# [ABOUT THIS TASK]
From the material below, copy exactly the lines beginning with the one that contains "Watch National Geographic" and ending with the one that contains "Condo Kitchen Remodel (Magnificent Mile)"; the pictures stay out.

# [PROVIDED RECORDS]
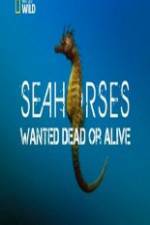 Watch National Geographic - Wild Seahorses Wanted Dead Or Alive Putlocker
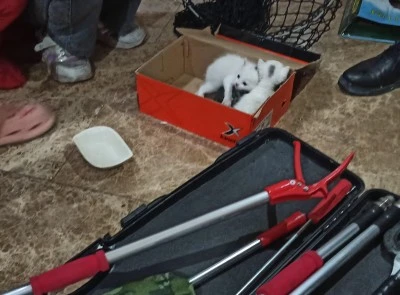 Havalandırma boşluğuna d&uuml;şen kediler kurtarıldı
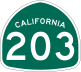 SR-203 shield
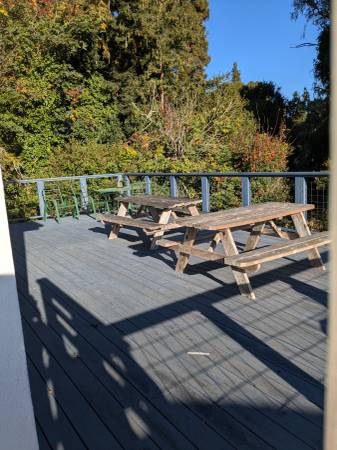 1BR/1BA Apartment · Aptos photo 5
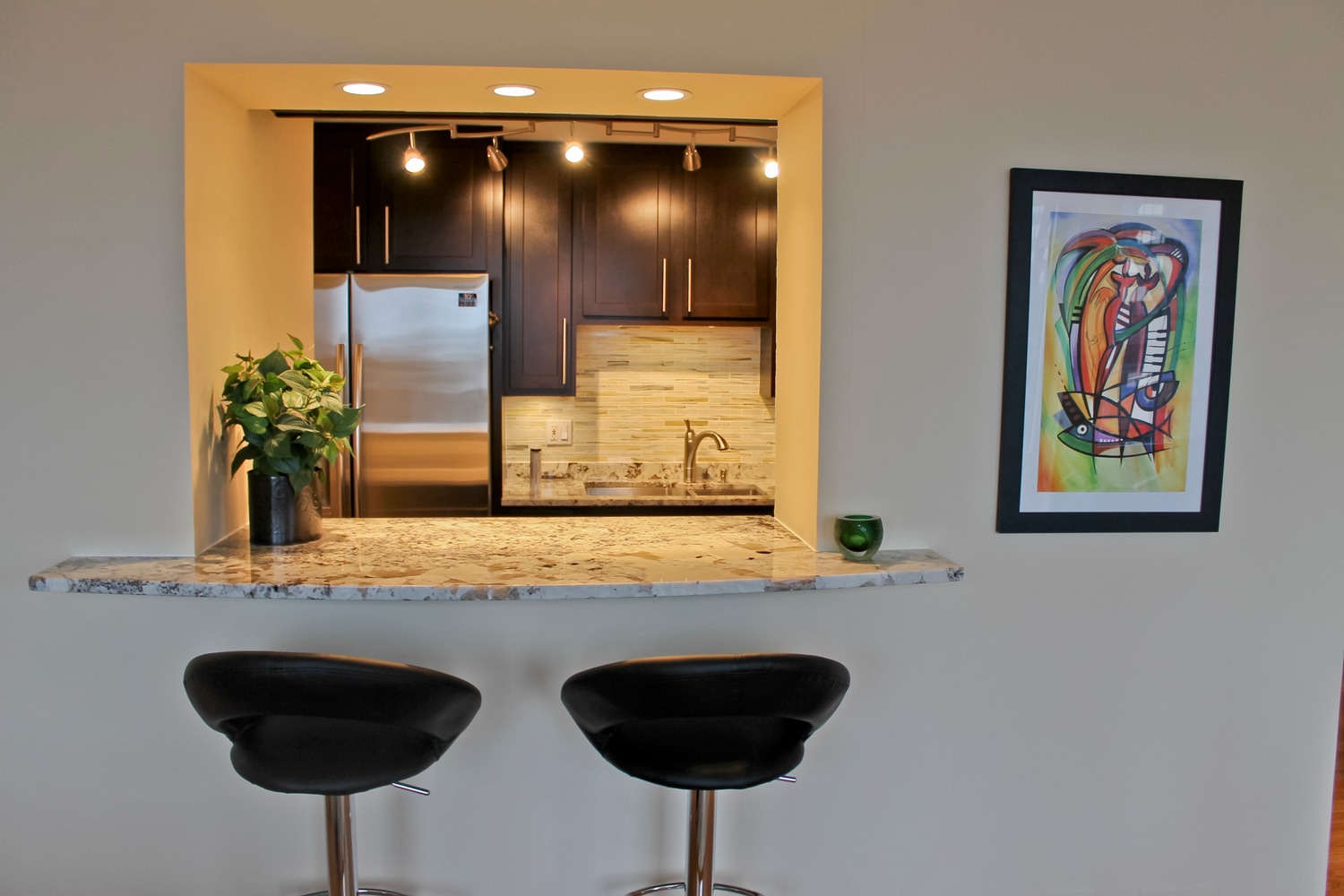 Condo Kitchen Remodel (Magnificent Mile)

==

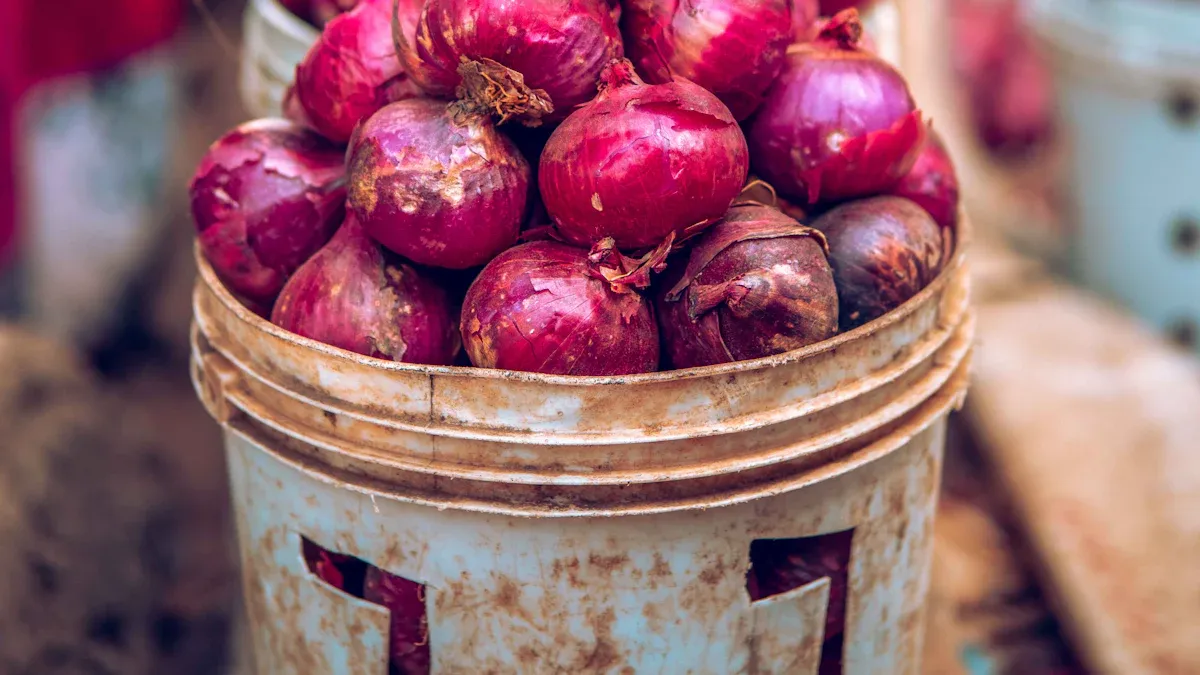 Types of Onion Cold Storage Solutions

...

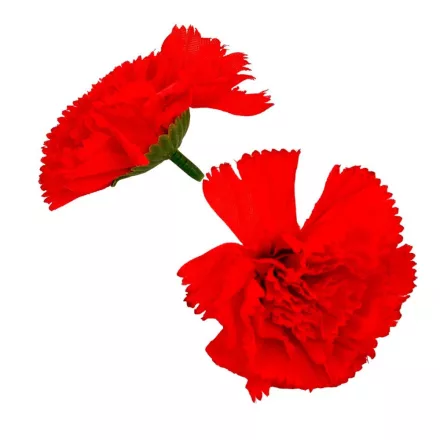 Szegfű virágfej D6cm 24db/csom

# [SOLVED EXERCISE]
 Watch National Geographic - Wild Seahorses Wanted Dead Or Alive Putlocker
 Havalandırma boşluğuna d&uuml;şen kediler kurtarıldı
 SR-203 shield
 1BR/1BA Apartment · Aptos photo 5
 Condo Kitchen Remodel (Magnificent Mile)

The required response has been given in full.